::: Supplied entries :::
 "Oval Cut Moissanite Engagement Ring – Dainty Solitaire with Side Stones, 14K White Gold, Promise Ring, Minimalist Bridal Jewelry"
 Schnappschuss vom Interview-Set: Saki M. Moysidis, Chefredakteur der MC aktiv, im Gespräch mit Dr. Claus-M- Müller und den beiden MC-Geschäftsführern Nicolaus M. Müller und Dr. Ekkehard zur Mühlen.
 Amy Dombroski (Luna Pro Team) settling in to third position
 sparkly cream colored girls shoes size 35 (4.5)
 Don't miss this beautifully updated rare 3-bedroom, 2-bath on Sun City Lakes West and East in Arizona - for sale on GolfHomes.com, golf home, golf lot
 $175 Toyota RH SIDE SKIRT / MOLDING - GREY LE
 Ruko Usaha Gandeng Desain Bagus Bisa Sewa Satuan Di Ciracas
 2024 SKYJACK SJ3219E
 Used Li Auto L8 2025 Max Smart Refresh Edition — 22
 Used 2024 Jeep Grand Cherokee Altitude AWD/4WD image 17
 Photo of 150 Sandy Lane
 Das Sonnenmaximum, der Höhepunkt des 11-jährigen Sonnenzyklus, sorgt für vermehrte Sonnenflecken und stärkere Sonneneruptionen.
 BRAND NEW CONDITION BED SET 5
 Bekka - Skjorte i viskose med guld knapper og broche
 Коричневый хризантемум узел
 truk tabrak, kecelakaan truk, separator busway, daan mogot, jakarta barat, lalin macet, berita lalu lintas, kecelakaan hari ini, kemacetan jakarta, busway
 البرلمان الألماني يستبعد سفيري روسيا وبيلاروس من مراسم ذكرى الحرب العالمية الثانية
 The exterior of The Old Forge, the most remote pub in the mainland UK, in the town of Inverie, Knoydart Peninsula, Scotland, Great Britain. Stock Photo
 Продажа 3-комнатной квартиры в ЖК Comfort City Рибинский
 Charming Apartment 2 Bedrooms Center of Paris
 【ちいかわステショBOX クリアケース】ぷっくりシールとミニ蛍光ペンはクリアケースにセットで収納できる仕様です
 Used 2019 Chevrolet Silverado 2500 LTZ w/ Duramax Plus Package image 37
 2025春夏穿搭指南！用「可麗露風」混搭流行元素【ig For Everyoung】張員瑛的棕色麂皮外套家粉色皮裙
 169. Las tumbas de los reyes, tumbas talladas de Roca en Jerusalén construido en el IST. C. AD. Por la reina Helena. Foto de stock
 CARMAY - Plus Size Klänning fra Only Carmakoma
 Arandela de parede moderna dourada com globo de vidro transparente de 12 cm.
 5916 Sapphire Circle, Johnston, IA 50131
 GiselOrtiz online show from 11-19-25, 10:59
:::
Task brief: Every line with the string "Used" in the material should be returned.

Result of the task:
 Used Li Auto L8 2025 Max Smart Refresh Edition — 22
 Used 2024 Jeep Grand Cherokee Altitude AWD/4WD image 17
 Used 2019 Chevrolet Silverado 2500 LTZ w/ Duramax Plus Package image 37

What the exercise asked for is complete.